## Dataset entries
=== Begin Enclosure ===

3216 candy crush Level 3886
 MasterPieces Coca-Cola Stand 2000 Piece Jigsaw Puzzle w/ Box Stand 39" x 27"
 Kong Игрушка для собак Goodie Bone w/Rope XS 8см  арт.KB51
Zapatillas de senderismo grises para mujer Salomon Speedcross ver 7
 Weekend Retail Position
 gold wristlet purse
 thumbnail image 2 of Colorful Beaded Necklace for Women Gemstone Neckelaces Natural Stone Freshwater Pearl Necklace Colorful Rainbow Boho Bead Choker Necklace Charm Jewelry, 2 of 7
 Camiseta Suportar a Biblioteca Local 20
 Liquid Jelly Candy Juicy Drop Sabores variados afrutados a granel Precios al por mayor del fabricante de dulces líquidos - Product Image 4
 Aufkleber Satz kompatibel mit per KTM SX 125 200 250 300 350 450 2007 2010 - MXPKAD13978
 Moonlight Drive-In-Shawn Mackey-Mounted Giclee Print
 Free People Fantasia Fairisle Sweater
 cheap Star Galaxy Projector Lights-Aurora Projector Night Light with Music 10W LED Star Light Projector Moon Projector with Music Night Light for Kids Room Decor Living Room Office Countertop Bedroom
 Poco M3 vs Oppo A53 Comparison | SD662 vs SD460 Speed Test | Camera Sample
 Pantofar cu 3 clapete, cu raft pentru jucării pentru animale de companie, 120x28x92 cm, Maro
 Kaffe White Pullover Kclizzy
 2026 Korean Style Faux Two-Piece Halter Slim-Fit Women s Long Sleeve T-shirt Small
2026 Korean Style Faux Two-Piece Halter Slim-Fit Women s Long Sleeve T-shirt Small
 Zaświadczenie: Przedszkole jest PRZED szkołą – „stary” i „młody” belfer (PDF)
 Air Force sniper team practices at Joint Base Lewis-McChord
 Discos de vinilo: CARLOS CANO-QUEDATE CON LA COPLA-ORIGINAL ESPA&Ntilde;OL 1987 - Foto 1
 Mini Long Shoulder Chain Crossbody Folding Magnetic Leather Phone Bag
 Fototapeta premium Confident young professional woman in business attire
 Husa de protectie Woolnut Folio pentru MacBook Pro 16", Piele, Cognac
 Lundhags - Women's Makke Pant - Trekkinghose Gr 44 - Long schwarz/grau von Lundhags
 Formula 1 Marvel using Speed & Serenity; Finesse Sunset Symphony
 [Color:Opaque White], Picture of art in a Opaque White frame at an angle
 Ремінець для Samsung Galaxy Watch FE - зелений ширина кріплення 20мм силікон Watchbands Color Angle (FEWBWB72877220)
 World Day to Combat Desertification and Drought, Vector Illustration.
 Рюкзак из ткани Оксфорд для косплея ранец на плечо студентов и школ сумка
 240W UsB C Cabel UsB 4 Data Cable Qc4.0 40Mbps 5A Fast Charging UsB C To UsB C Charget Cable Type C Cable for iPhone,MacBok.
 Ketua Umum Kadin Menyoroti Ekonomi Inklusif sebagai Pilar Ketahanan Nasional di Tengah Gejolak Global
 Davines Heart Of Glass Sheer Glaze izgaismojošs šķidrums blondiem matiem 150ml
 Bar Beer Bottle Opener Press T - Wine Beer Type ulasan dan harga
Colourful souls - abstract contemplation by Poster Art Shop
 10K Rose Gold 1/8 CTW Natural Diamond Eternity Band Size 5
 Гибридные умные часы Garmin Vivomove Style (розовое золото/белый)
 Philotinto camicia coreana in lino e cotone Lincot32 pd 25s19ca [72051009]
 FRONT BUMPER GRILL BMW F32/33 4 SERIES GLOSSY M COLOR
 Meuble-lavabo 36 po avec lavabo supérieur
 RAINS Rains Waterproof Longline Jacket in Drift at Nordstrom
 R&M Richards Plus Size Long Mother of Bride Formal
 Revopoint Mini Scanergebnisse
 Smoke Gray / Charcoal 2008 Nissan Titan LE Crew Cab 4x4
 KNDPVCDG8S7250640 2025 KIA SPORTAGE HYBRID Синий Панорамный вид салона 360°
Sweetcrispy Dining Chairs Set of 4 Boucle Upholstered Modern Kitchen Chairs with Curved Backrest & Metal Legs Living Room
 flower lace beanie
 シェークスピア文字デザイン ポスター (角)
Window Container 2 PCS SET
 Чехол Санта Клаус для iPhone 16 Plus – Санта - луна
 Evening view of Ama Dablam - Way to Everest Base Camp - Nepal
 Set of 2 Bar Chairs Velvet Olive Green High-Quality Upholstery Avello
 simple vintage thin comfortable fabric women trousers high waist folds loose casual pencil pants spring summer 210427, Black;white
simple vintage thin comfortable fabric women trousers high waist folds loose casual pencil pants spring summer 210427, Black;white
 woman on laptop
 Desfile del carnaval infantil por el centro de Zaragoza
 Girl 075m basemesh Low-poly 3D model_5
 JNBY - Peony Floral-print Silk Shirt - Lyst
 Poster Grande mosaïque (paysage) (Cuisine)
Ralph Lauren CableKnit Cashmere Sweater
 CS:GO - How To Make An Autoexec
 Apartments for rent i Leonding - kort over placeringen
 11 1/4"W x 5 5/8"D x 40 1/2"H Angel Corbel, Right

=== End Enclosure ===

Write out the data once more, word for word.

3216 candy crush Level 3886
 MasterPieces Coca-Cola Stand 2000 Piece Jigsaw Puzzle w/ Box Stand 39" x 27"
 Kong Игрушка для собак Goodie Bone w/Rope XS 8см  арт.KB51
Zapatillas de senderismo grises para mujer Salomon Speedcross ver 7
 Weekend Retail Position
 gold wristlet purse
 thumbnail image 2 of Colorful Beaded Necklace for Women Gemstone Neckelaces Natural Stone Freshwater Pearl Necklace Colorful Rainbow Boho Bead Choker Necklace Charm Jewelry, 2 of 7
 Camiseta Suportar a Biblioteca Local 20
 Liquid Jelly Candy Juicy Drop Sabores variados afrutados a granel Precios al por mayor del fabricante de dulces líquidos - Product Image 4
 Aufkleber Satz kompatibel mit per KTM SX 125 200 250 300 350 450 2007 2010 - MXPKAD13978
 Moonlight Drive-In-Shawn Mackey-Mounted Giclee Print
 Free People Fantasia Fairisle Sweater
 cheap Star Galaxy Projector Lights-Aurora Projector Night Light with Music 10W LED Star Light Projector Moon Projector with Music Night Light for Kids Room Decor Living Room Office Countertop Bedroom
 Poco M3 vs Oppo A53 Comparison | SD662 vs SD460 Speed Test | Camera Sample
 Pantofar cu 3 clapete, cu raft pentru jucării pentru animale de companie, 120x28x92 cm, Maro
 Kaffe White Pullover Kclizzy
 2026 Korean Style Faux Two-Piece Halter Slim-Fit Women s Long Sleeve T-shirt Small
2026 Korean Style Faux Two-Piece Halter Slim-Fit Women s Long Sleeve T-shirt Small
 Zaświadczenie: Przedszkole jest PRZED szkołą – „stary” i „młody” belfer (PDF)
 Air Force sniper team practices at Joint Base Lewis-McChord
 Discos de vinilo: CARLOS CANO-QUEDATE CON LA COPLA-ORIGINAL ESPA&Ntilde;OL 1987 - Foto 1
 Mini Long Shoulder Chain Crossbody Folding Magnetic Leather Phone Bag
 Fototapeta premium Confident young professional woman in business attire
 Husa de protectie Woolnut Folio pentru MacBook Pro 16", Piele, Cognac
 Lundhags - Women's Makke Pant - Trekkinghose Gr 44 - Long schwarz/grau von Lundhags
 Formula 1 Marvel using Speed & Serenity; Finesse Sunset Symphony
 [Color:Opaque White], Picture of art in a Opaque White frame at an angle
 Ремінець для Samsung Galaxy Watch FE - зелений ширина кріплення 20мм силікон Watchbands Color Angle (FEWBWB72877220)
 World Day to Combat Desertification and Drought, Vector Illustration.
 Рюкзак из ткани Оксфорд для косплея ранец на плечо студентов и школ сумка
 240W UsB C Cabel UsB 4 Data Cable Qc4.0 40Mbps 5A Fast Charging UsB C To UsB C Charget Cable Type C Cable for iPhone,MacBok.
 Ketua Umum Kadin Menyoroti Ekonomi Inklusif sebagai Pilar Ketahanan Nasional di Tengah Gejolak Global
 Davines Heart Of Glass Sheer Glaze izgaismojošs šķidrums blondiem matiem 150ml
 Bar Beer Bottle Opener Press T - Wine Beer Type ulasan dan harga
Colourful souls - abstract contemplation by Poster Art Shop
 10K Rose Gold 1/8 CTW Natural Diamond Eternity Band Size 5
 Гибридные умные часы Garmin Vivomove Style (розовое золото/белый)
 Philotinto camicia coreana in lino e cotone Lincot32 pd 25s19ca [72051009]
 FRONT BUMPER GRILL BMW F32/33 4 SERIES GLOSSY M COLOR
 Meuble-lavabo 36 po avec lavabo supérieur
 RAINS Rains Waterproof Longline Jacket in Drift at Nordstrom
 R&M Richards Plus Size Long Mother of Bride Formal
 Revopoint Mini Scanergebnisse
 Smoke Gray / Charcoal 2008 Nissan Titan LE Crew Cab 4x4
 KNDPVCDG8S7250640 2025 KIA SPORTAGE HYBRID Синий Панорамный вид салона 360°
Sweetcrispy Dining Chairs Set of 4 Boucle Upholstered Modern Kitchen Chairs with Curved Backrest & Metal Legs Living Room
 flower lace beanie
 シェークスピア文字デザイン ポスター (角)
Window Container 2 PCS SET
 Чехол Санта Клаус для iPhone 16 Plus – Санта - луна
 Evening view of Ama Dablam - Way to Everest Base Camp - Nepal
 Set of 2 Bar Chairs Velvet Olive Green High-Quality Upholstery Avello
 simple vintage thin comfortable fabric women trousers high waist folds loose casual pencil pants spring summer 210427, Black;white
simple vintage thin comfortable fabric women trousers high waist folds loose casual pencil pants spring summer 210427, Black;white
 woman on laptop
 Desfile del carnaval infantil por el centro de Zaragoza
 Girl 075m basemesh Low-poly 3D model_5
 JNBY - Peony Floral-print Silk Shirt - Lyst
 Poster Grande mosaïque (paysage) (Cuisine)
Ralph Lauren CableKnit Cashmere Sweater
 CS:GO - How To Make An Autoexec
 Apartments for rent i Leonding - kort over placeringen
 11 1/4"W x 5 5/8"D x 40 1/2"H Angel Corbel, Right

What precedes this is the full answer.